Virginian-Pilot cuts reporters – should we gloat?

Our local newspaper, the Virginian-Pilot, continued on their trek of job-cutting by letting go a number of relatively big names in the by-line this month. Some chuckled and some went so far as to gloat.

Count me among the gloating.

Columnist Kerry Dougherty thinks that’s wrong. She wrote:

“They gloated about the misfortune of hardworking writers, columnists, photographers and editors. They took pleasure in The Pilot’s struggles.
They demonstrated a shocking lack of compassion for people who are losing their jobs.
Some said they couldn’t wait until The Pilot was gone.”

Apparently other people are tap dancing on the Pilot for reasons different from mine. They say the Pilot is falling because of its liberal bent. I don’t agree. The Pilot was making money when it was just as liberal and Virginia was voting more conservative than it seems to be lately. Heck, if anything, the Pilot should be raking in the dough if matching the political views of the masses was the test. They’ve endorsed winners more often than not lately.

No, the Virginian-Pilot is losing quality and is being slowed by the weight of their monopolostic advertising rates that don’t hold up to competition.

Sorry, Kerry. I lost a job in 2000 due to a corporate restructuring that took four offices and merged them into one that was smaller than any of them. The Pilot didn’t write a story about how bad that was for me, a single dad at the time raising a four-year old. I’m not writing one for Mal Vincent.

I also got married in 2011, but since I married a woman, the Virginian-Pilot didn’t put my bride and me on the front page with a banner headline, although I could argue that finding a great woman to actually marry me is bigger news than any gay marriage could hope to achieve.

The Pilot claims they are simply victims of the recession of falling ad revenues and the shift from print to online.

Awwwwwwwwwww.

ABC, NBC and CBS used to be the only networks in the nation. We now have hundreds of networks, and ABC, NBC and CBS are still chugging along, thank you. If you offer what the people want, than people will watch or read you. Radio used to be the only portable music available, but now every six-year old can hold a paper-thin device that plays 60,000 songs on demand. Somehow, radio still draws listeners and advertising dollars.

But part of my job is buying advertising. Newspapers simply price themselves out of the advertising market for businesses who need repetition in advertising to build a brand. Want to run a single radio ad in Hampton Roads? Be ready to set yourself back about a hundred bucks per ad. A tv ad on a cable network in Hampton Roads?

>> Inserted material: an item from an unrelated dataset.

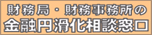 金融庁・財務局 中小企業等金融円滑化相談窓口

You’ll have to dig deeper for about $150 to $200 per ad.

Call the Pilot and ask, “How much for an ad” and get your $2,500-10,000 answer for a single ad run once.

They’ll claim they’re worth it, with one newspaper a day compared to how lost a tv or radio ad can get in a 24 hour day.

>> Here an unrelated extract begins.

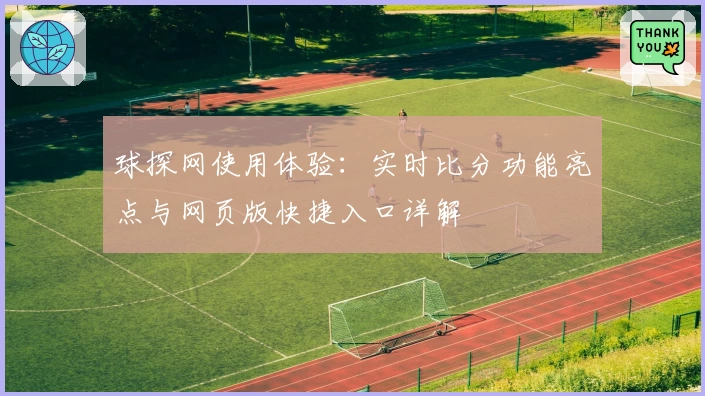 球探网使用体验：实时比分功能亮点与网页版快捷入口详解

True, but if I had $5,000 to spend on advertising, should I run a newspaper ad once or run a radio ad 50 times?

That, more than some sad reference to a recession, is what is hurting the newspaper. The market for advertising has options it never used to have. Advertisers can produce their own spots for tv and radio and not spend a fortune. Equipment for audio and video, including editing and mixing, isn’t hard to find, purchase and operate.

Technology has helped electronic media compete for advertising dollars by lowering the costs of entry. Print is still pricey to buy.

That, coupled with falling circulation numbers, puts newspapers in a bind. The Pilot still wants to command high daily print ad rates despite no longer being most people’s source for news.

Their solution, which is to fire more reporters and writers and rely on more national news, isn’t going to get readers back. I don’t need the Pilot’s sports section to tell me who won the game last night. My App told me the score with a link to highlights. I don’t need the paper to tell me today’s weather forecast. My weather app has that with the current radar.

The Pilot is becoming a newsroom of recent college graduates willing to work for less in hopes that they can get picked up by another newspaper soon. That’s the New York Jets. That’s not a successful newspaper.

So, Kerry, I agree lots of talent got the bad news this month, but I’m not going to give them the “aw shucks” – I’m giving them the “that’s life.” No job is guaranteed. The second some company decides they can do without any of us, our job is toast.

There used to be many candlemakers before Edison and many blacksmiths before Ford and Benz.

And there is too much in Pilot business model to expect much more than additional layoffs.